In this and the accompanying article, we report the development of new physics-based side-chain-rotamer and virtual-bond-deformation potentials which now replace the respective statistical potentials used so far in our physics-based united-reside UNRES force field for large-scale simulations of protein structure and dynamics. In this article, we describe the methodology for determining the corresponding potentials of mean force (PMF's) from the energy surfaces of terminally-blocked amino-acid residues calculated with the AM1 quantum-mechanical semiempirical method. The approach is based on minimization of the AM1 energy for fixed values of the angles lambda for rotation of the peptide groups about the C(alpha)...C(alpha) virtual bonds, and for fixed values of the side-chain dihedral angles chi, which formed a multidimensional grid. A harmonic-approximation approach was developed to extrapolate from the energy at a given grid point to other points of the conformational space to compute the respective contributions to the PMF. To test the applicability of the harmonic approximation, the rotamer PMF's of alanine and valine obtained with this approach have been compared with those obtained by using a Metropolis Monte Carlo method. The PMF surfaces computed with the harmonic approximation are more rugged and have more pronounced minima than the MC-calculated surfaces but the harmonic-approximation- and MC-calculated PMF values are linearly correlated. The potentials derived with the harmonic approximation are, therefore, appropriate for UNRES for which the weights (scaling factors) of the energy terms are determined by force-field optimization for foldability.
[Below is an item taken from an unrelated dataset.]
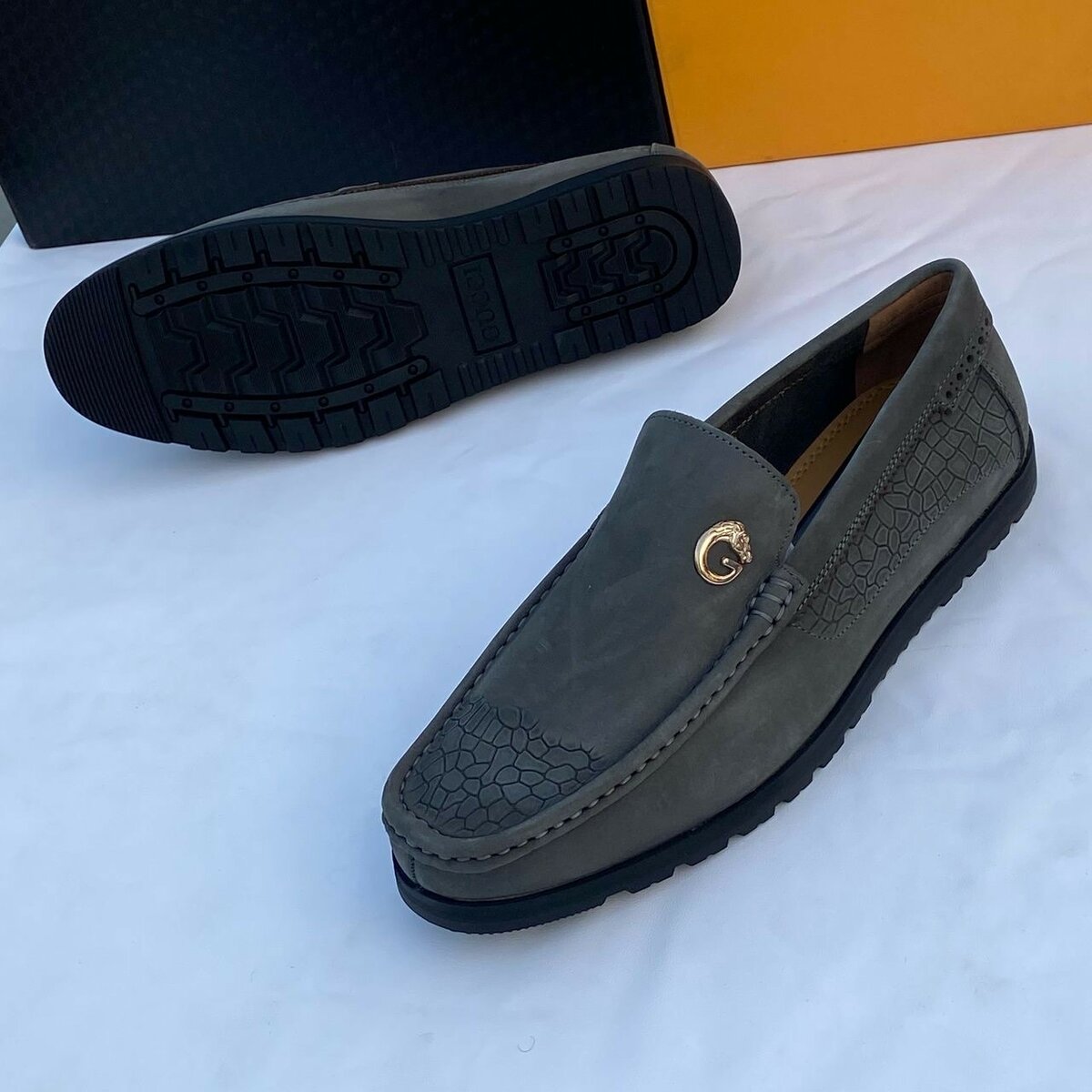 EXECUTIVE CASUAL WEAR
Determination of side-chain-rotamer and side-chain and backbone virtual-bond-stretching potentials of mean force from AM1 energy surfaces of terminally-blocked amino-acid residues, for coarse-grained simulations of protein structure and folding. II. Results, comparison with statistical potentials, and implementation in the UNRES force field

Using the harmonic-approximation approach of the accompanying article and AM1 energy surfaces of terminally blocked amino-acid residues, we determined physics-based side-chain rotamer potentials and the side-chain virtual-bond-deformation potentials of 19 natural amino-acid residues with side chains. The potentials were approximated by analytical formulas and implemented in the UNRES mesoscopic dynamics program. For comparison, the corresponding statistical potentials were determined from 19,682 high-resolution protein structures. The low free-energy region of both the AM1-derived and the statistical potentials is determined by the valence geometry and the L-chirality, and its size increases with side-chain flexibility and decreases with increasing virtual-bond-angle theta. The differences between the free energies of rotamers are greater for the AM1-derived potentials compared with the statistical potentials and, for alanine and other residues with small side chains, a region corresponding to the C(ax)(7) conformation has remarkably low free-energy for the AM1-derived potentials, as opposed to the statistical potentials. These differences probably result from the interactions between neighboring residues and indicate the need for introduction of cooperative terms accounting for the coupling between side-chain rotamer and backbone interactions. Both AM1-derived and statistical virtual-bond-deformation potentials are multimodal for flexible side chains and are topologically similar; however, the regions of minima of the statistical potentials are much narrower, which probably results from imposing restraints in structure determination. The force field with the new potentials was preliminarily optimized using the FBP WW domain (1E0L) and the engrailed homeodomain (1ENH) as training proteins and assessed to be reasonably transferable.